DIRECTIONS:
What you should give back is a precise copy of the lines below from the one containing "辉煌优配官网官网 厂商排名来了！最新销量榜出炉" through the one containing "not change.", with no pictures.

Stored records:

>>>

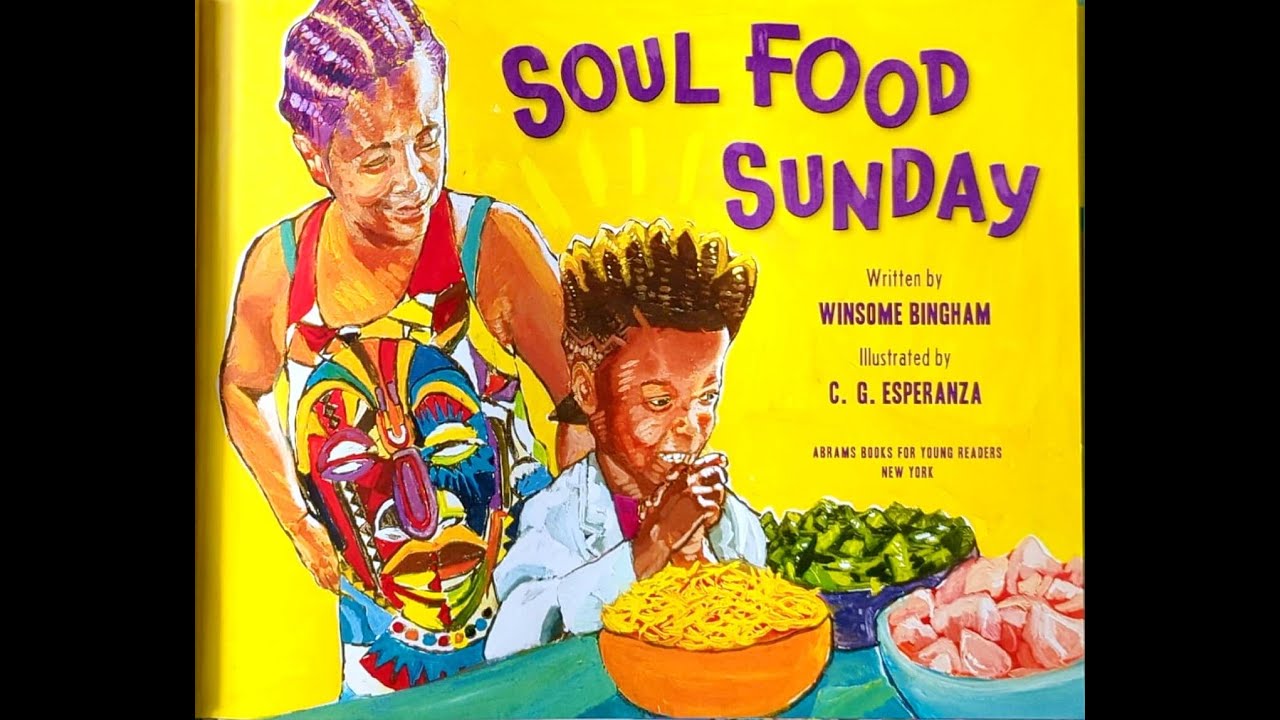 Soul Food Sunday (Kids Storytime)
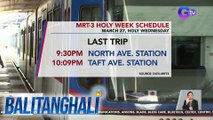 Dalawang linya ng MRT-3 at LRT2, walang biyahe mula Huwebes Santo hanggang Easter Sunday | BT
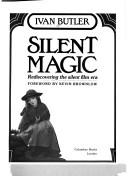 Silent magic : rediscovering the silent film era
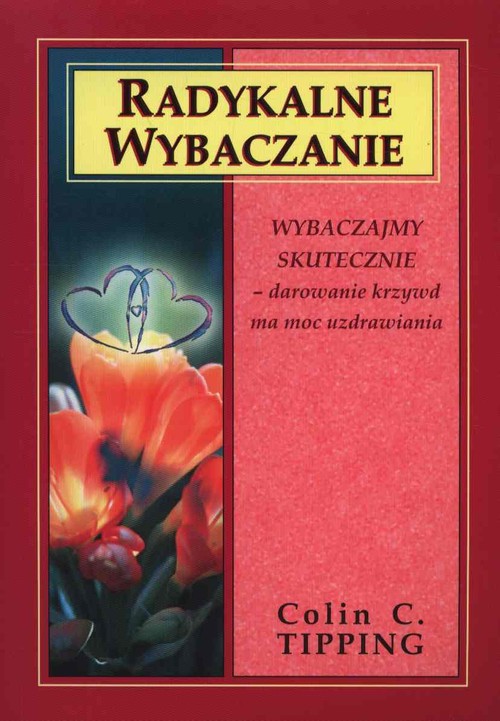 Image of Radykalne wybaczanie Wybaczajmy skutecznie - darowanie krzywd ma moc uzdrawiania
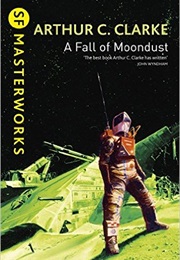 A Fall of Moondust (Arthur C. Clarke)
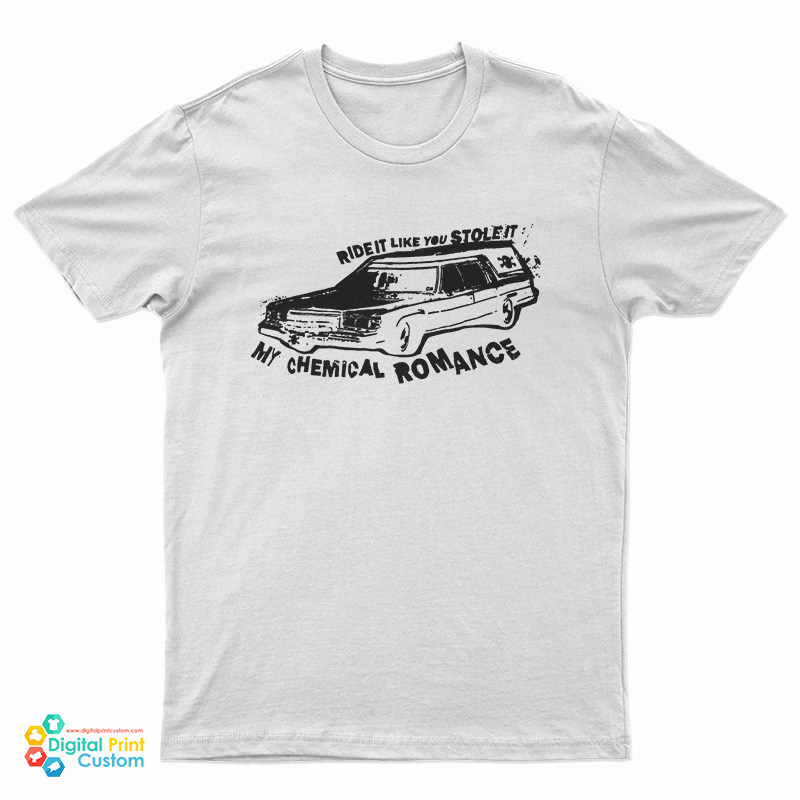 Ride It Like You Stole It My Chemical Romance T-Shirt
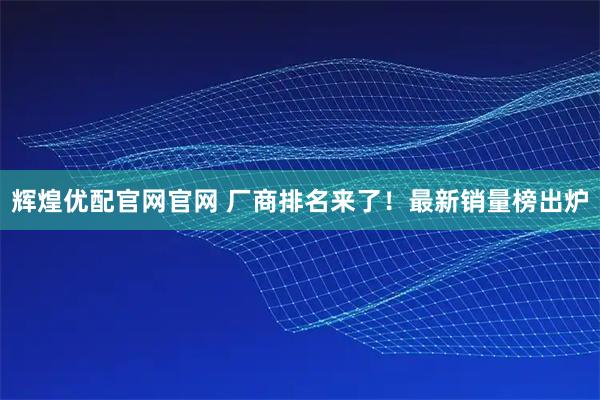 辉煌优配官网官网 厂商排名来了！最新销量榜出炉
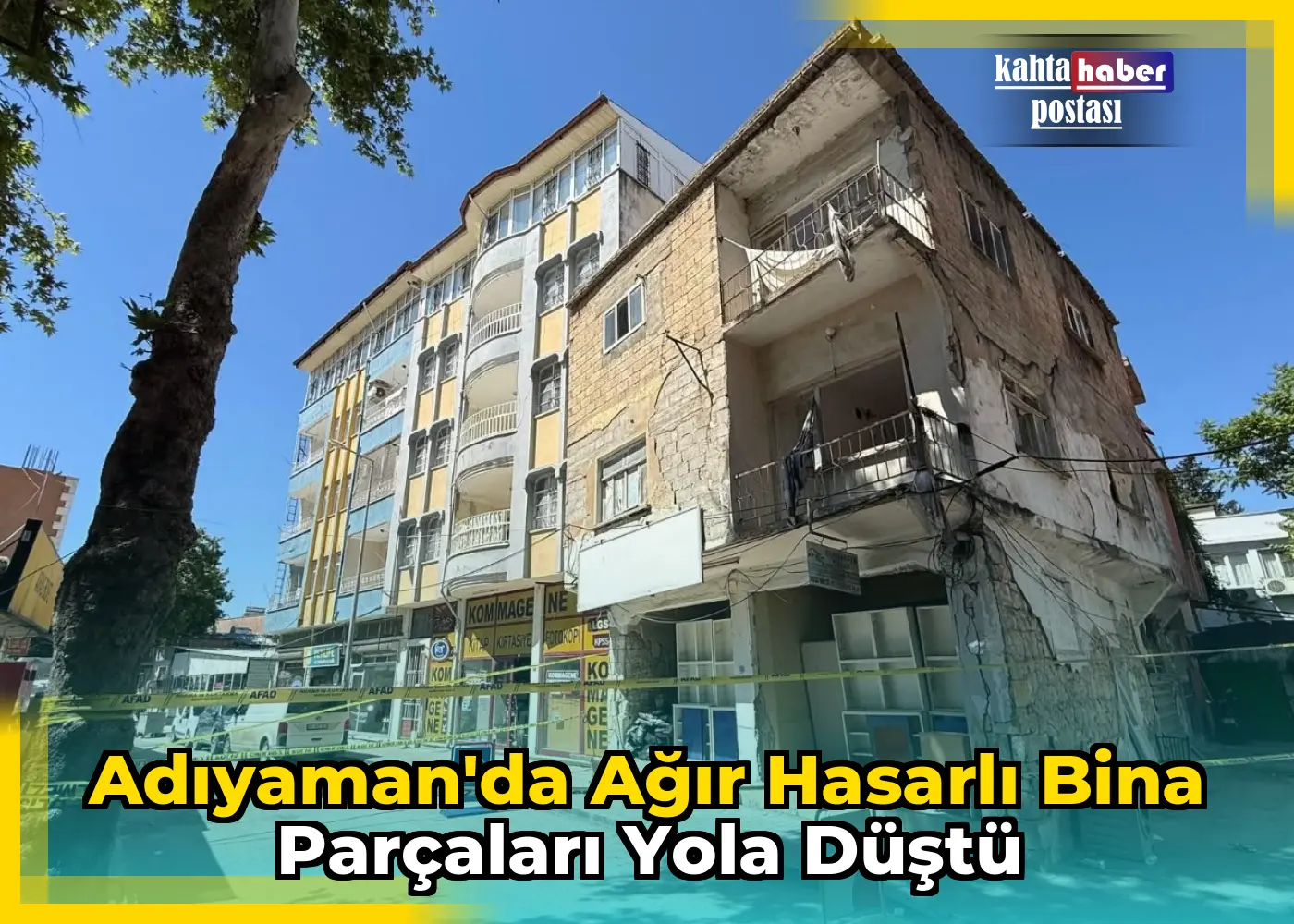 Adıyaman'da Ağır Hasarlı Bina Parçaları Yola Düştü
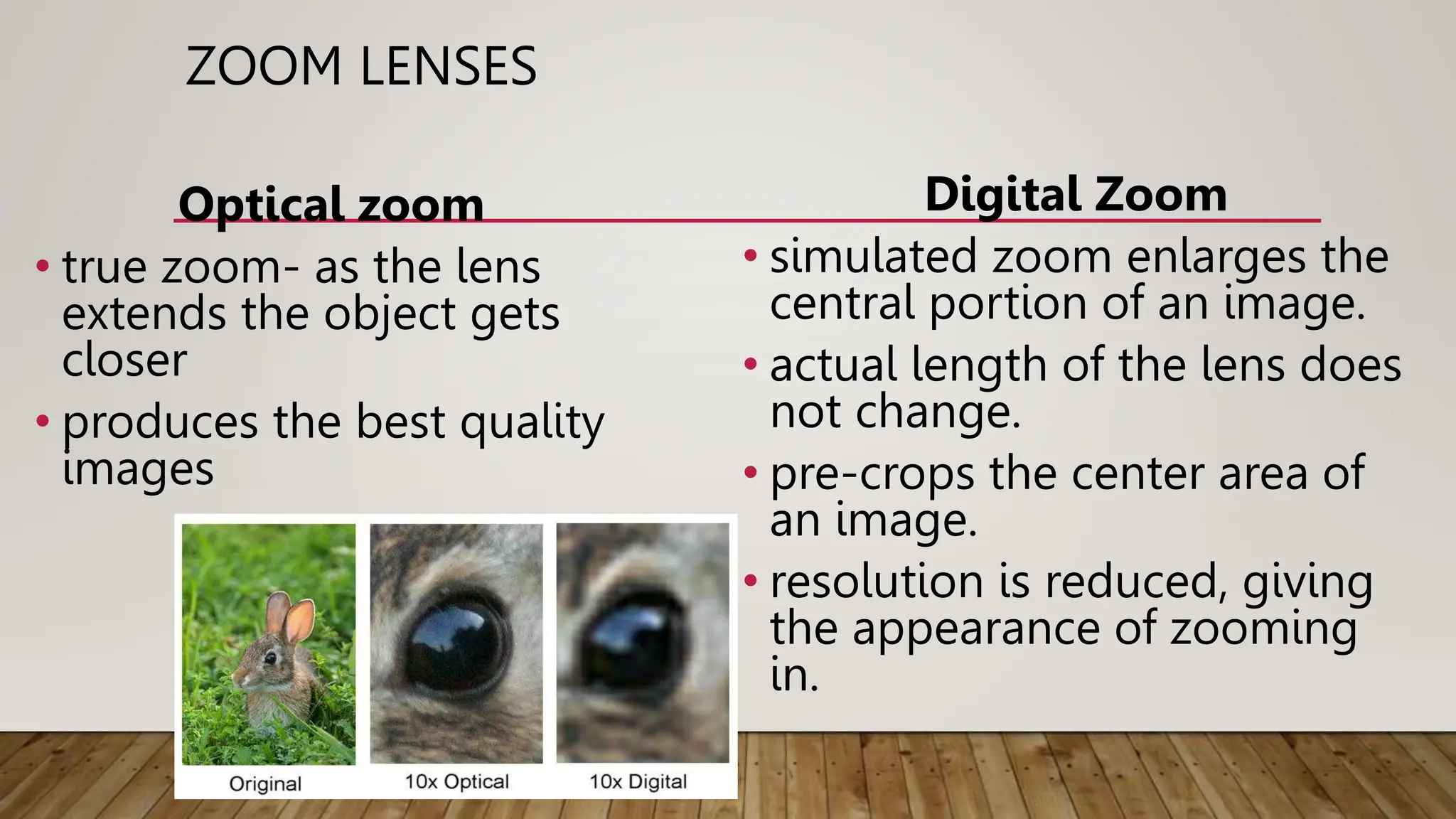 ZOOM LENSES
Optical zoom
• true zoom- as the lens
extends the object gets
closer
• produces the best quality
images
Digital Zoom
• simulated zoom enlarges the
central portion of an image.
• actual length of the lens does
not change.
• pre-crops the center area of
an image.
• resolution is reduced, giving
the appearance of zooming
in.
 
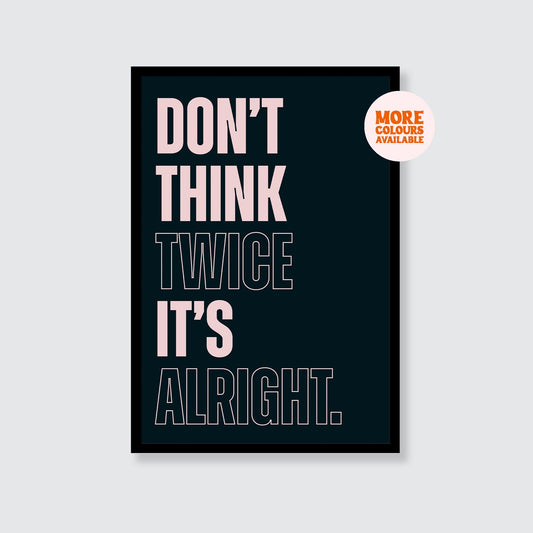 Bob Dylan | Don't Think Twice Print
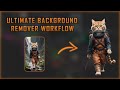 The ULTIMATE Background Removal Workflow in ComfyUI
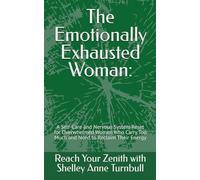The Emotionally Exhausted Woman:: A Self-Care and Nervous System Reset for Overwhelmed Women Who Carry Too Much and Need to Reclaim Their Energy (Reach Your Zenith)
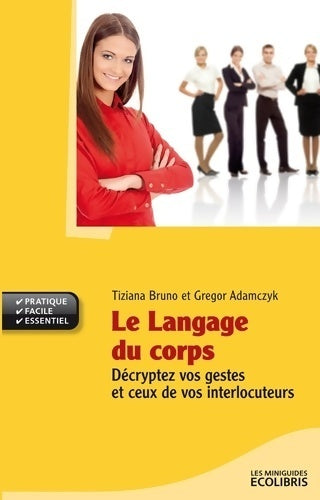 Livrenpoche : Le langage du corps - Tiziana Bruno - Livre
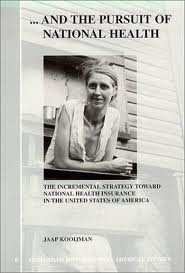 KOOIJMAN, JAAP. - And the pursuit of national health. The incremental strategy toward national health insurance in the United States of America. [Amsterdam Monographs on American Studies 8]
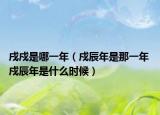 戌戍是哪一年（戍辰年是那一年 戍辰年是什么時(shí)候）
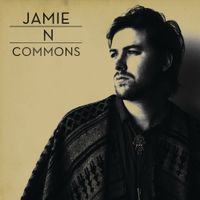 Jamie N Commons - Jamie N Commons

<<<

ANSWER:
 辉煌优配官网官网 厂商排名来了！最新销量榜出炉
 Adıyaman'da Ağır Hasarlı Bina Parçaları Yola Düştü
 ZOOM LENSES
Optical zoom
• true zoom- as the lens
extends the object gets
closer
• produces the best quality
images
Digital Zoom
• simulated zoom enlarges the
central portion of an image.
• actual length of the lens does
not change.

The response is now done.